> If the program is a file beginning with ‘#!', the remainder of the first line specifies an interpreter for the program. The shell will execute the specified interpreter on operating systems that do not handle this executable format in the kernel.
Taking a quick look at the source in Src/exec.c:
execve(pth, argv, newenvp);
// [...]
if ((eno = errno) == ENOEXEC || eno == ENOENT) {
// [...]
if (ct >= 2 && execvebuf[0] == '#' && execvebuf[1] == '!') {
// [...]
(pprog = pathprog(ptr2, NULL))) {
[1] https://sourceforge.net/p/zsh/code/ci/29ed6c7e3ab32da20f528a...
[2] https://sourceforge.net/p/zsh/code/ci/29ed6c7e3ab32da20f528a...
I don't have fish installed and can't be bothered to go that far, but I suspect they're right about that as well.
https://github.com/torvalds/linux/blob/v6.17/fs/binfmt_scrip...

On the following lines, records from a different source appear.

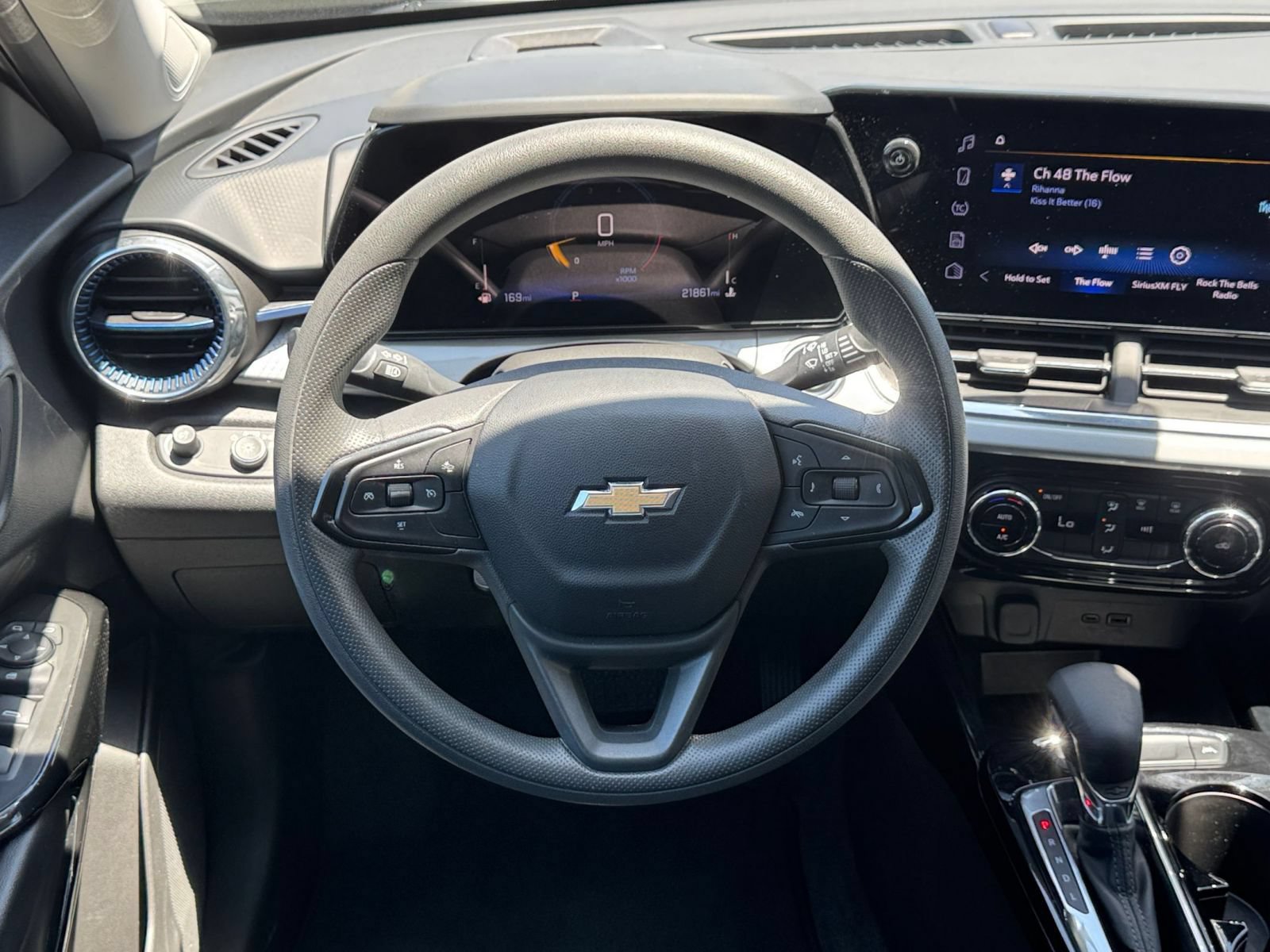 Used 2025 Chevrolet Trax LT FWD image 28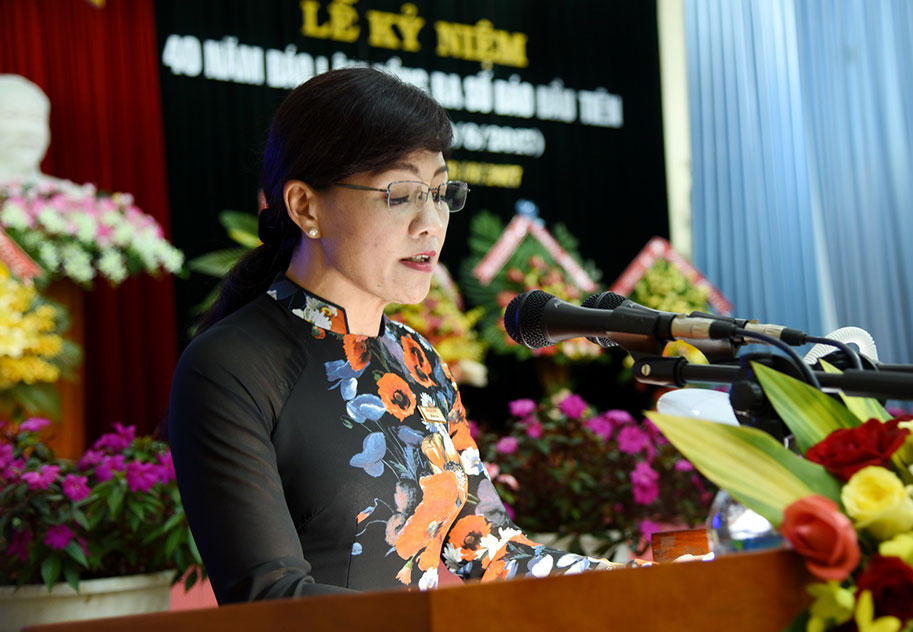 Bà Hồ Thị Lan – Phó Tổng biên tập Báo Lâm Đồng ôn lại truyền thống 40 năm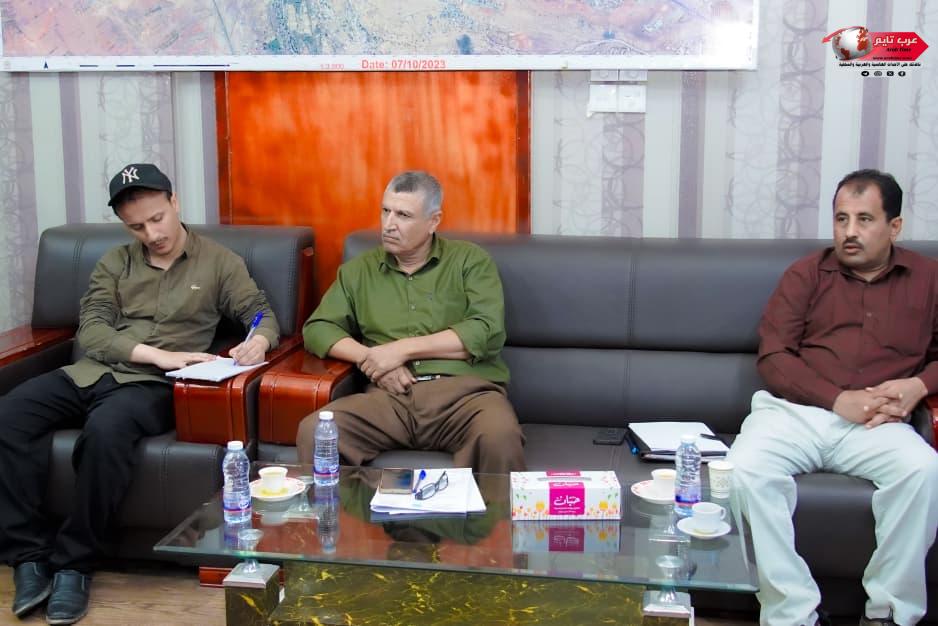 المحافظ بن الوزير يبحث مع نائب وزير المياه والبيئة سبل دعم وتطوير القطاع في شبوة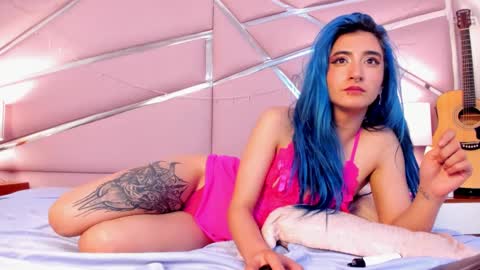 Luna Page online show from February 20, 9:09 pm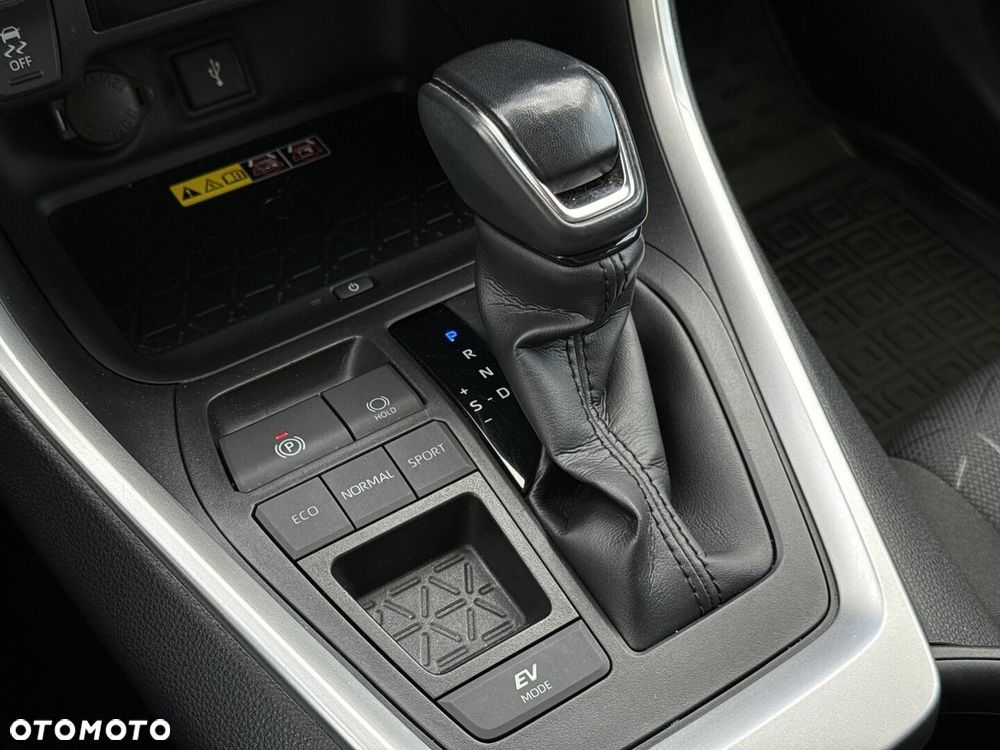 Toyota RAV4 2.5 Hybrid Comfort 4x2 - 18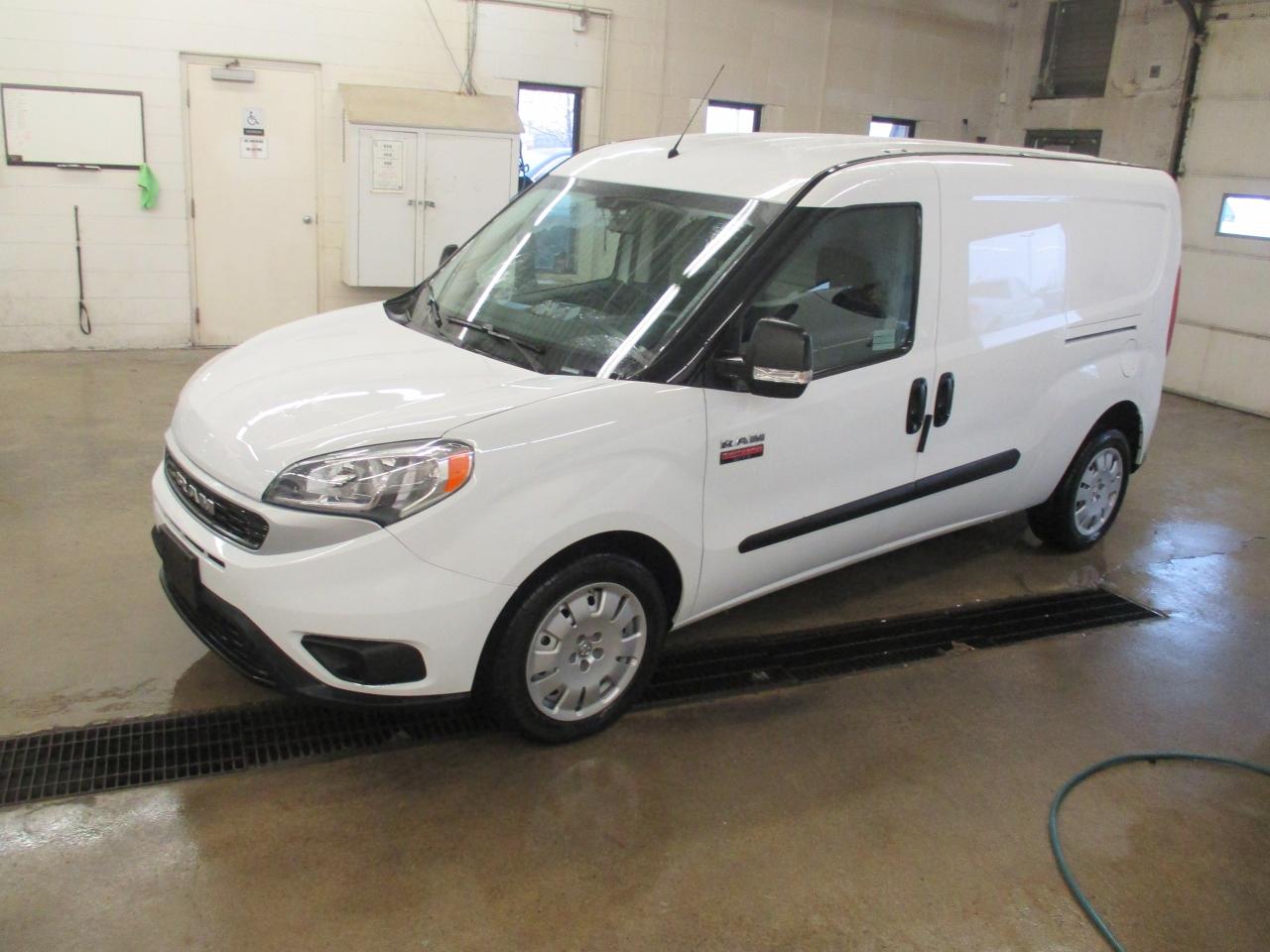 2022 RAM ProMaster Cargo Van - Photo #3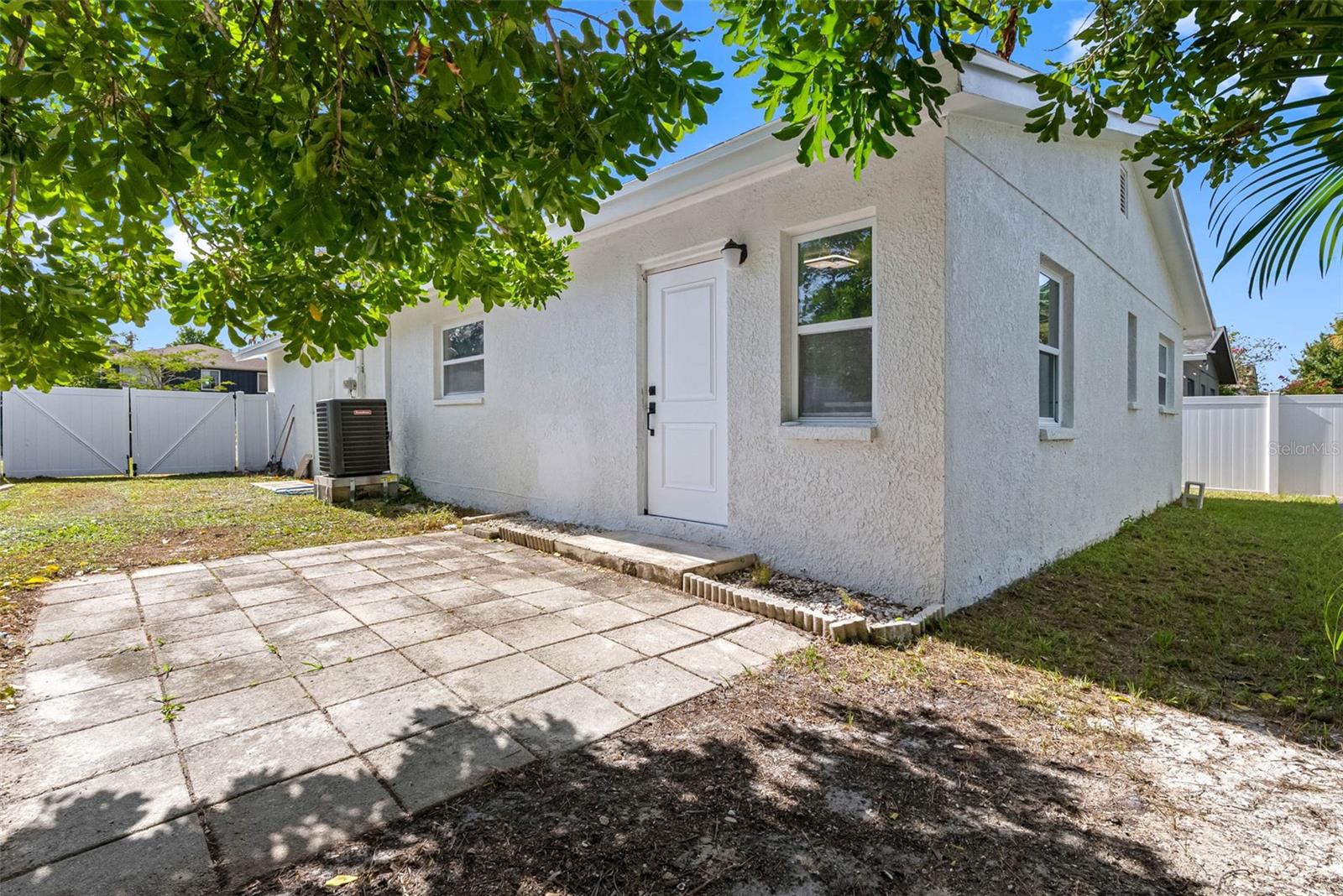 Image 40 of 50 For 1861 Shore Acres Boulevard Ne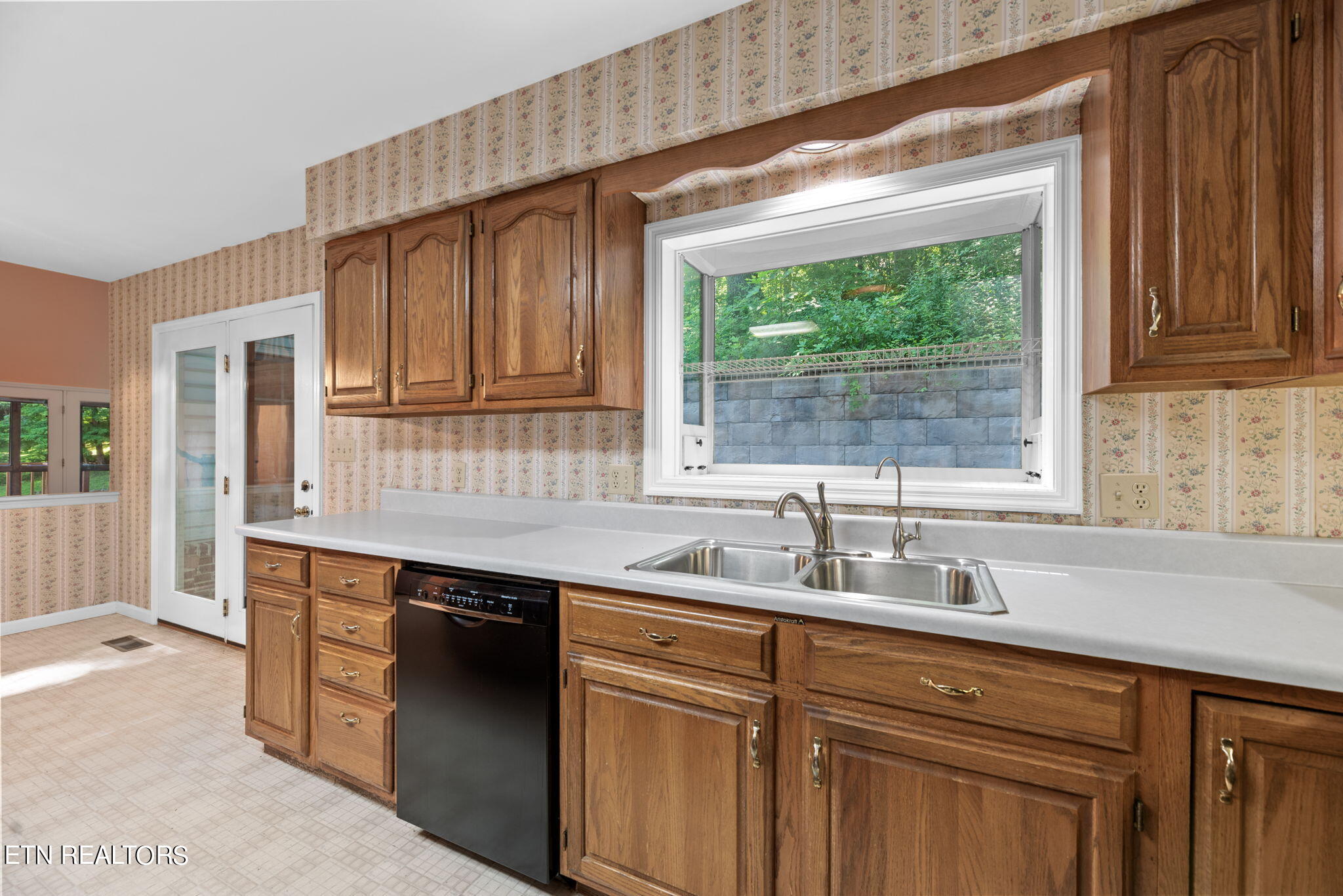 104 Chestnut Hill Road Oak Ridge TN 37830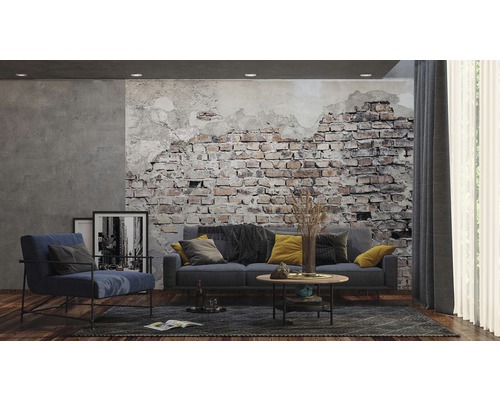 Obývací pokoj s pohovkou, křeslem, stolem a nástěnnou dekorací v industriálním stylu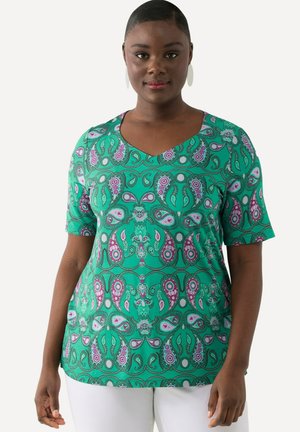 Grünes kurzärmliges V-Ausschnitt-Shirt mit einem wirbelnden Paisley-Muster in Lila und Weiß, aus einem leichten Stoff gefertigt.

I think it makes it to calling open_exec but there's a test for BINPRM_FLAGS_PATH_INACCESSIBLE, which doesn't seem relevant since 'bash' isn't like '/dev/fd/<fd>/..', but does provoke an ENOENT.
https://github.com/torvalds/linux/blob/v6.17/fs/exec.c#L1445
Maybe someone else can explain it, I'd enjoy the details, and ran out of steam.